In [None]:
# Import required libraries for data processing and pattern analysis
import pandas as pd  # Data manipulation and analysis
import numpy as np   # Numerical operations
import re            # Regular expressions for text processing

In [None]:
# Define input and output file paths
# Update these paths to match your transaction data location and desired output location
input="credit_txn_v5.xlsx"
output="output_file.xlsx"

In [None]:
# Load transaction data from Excel file
df = pd.read_excel(input)

In [None]:
# Convert Date column to datetime format for time-based analysis
df["Date"] = pd.to_datetime(df["Date"])

In [None]:
# Function to calculate date periodicity score based on transaction date gaps
# This function evaluates how consistently transactions occur at expected intervals
# Scoring: 80 points for monthly (25-35 day gaps) or quarterly (85-95 day gaps) with >60% consistency
#          0 points for no periodic pattern detected
def date_periodicity_score(df, idx, lookback=6):
    row = df.loc[idx]
    narr = normalize(row["Narration"])

    # Find all similar transactions based on narration matching
    history = df[
        (df.index != idx) &
        (df["Narration"].str.lower().str.contains(narr[:10], regex=False))
    ]

    # Need at least 3 transactions to establish a pattern
    if len(history) < 3:
        return 0

    # Calculate gaps in days between consecutive transactions
    gaps = history["Date"].sort_values().diff().dt.days.dropna()

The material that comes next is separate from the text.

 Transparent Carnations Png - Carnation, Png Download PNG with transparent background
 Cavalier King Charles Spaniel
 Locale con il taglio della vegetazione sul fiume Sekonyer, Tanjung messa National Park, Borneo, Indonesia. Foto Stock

    # Check for monthly pattern (25-35 days) with >60% consistency
    if gaps.between(25, 35).mean() > 0.6:
        return 80
    # Check for quarterly pattern (85-95 days) with >60% consistency
    elif gaps.between(85, 95).mean() > 0.6:
        return 50
    else:
        return 0

In [None]:
# Function to calculate amount periodicity score based on transaction amount consistency
# This function evaluates whether transactions have consistent amounts (within ±5% tolerance)
# Scoring: 80 points if >70% of amounts are within ±5%
#          40 points if 40-70% of amounts are within ±5%
#          0 points if no amount pattern detected
def amount_periodicity_score(df, idx):
    row = df.loc[idx]
    amt = row["Amount"]
    narr = normalize(row["Narration"])

    # Find all similar transactions based on narration matching
    history = df[
        (df.index != idx) &
        (df["Narration"].str.lower().str.contains(narr[:10], regex=False))
    ]

    # Need at least 3 transactions to establish a pattern
    if len(history) < 3:
        return 0

    # Calculate the ratio of transactions with amounts within ±5% of current amount
    match_ratio = (
        abs(history["Amount"] - amt) / amt < 0.05
    ).mean()

    # Assign score based on amount consistency ratio
    if match_ratio > 0.7:
        return 80
    elif match_ratio > 0.4:
        return 40
    else:
        return 0

In [None]:
# Function to calculate overall confidence score
# Combines date and amount periodicity scores (0-160 range)
# Higher scores indicate stronger periodic patterns
def confidence_score(df, idx):
    return (
        date_periodicity_score(df, idx)
        + amount_periodicity_score(df, idx)
    )

In [None]:
# Calculate confidence score for each transaction
# This applies the combined scoring function to all rows in the dataset
df["score"] = [confidence_score(df, i) for i in df.index]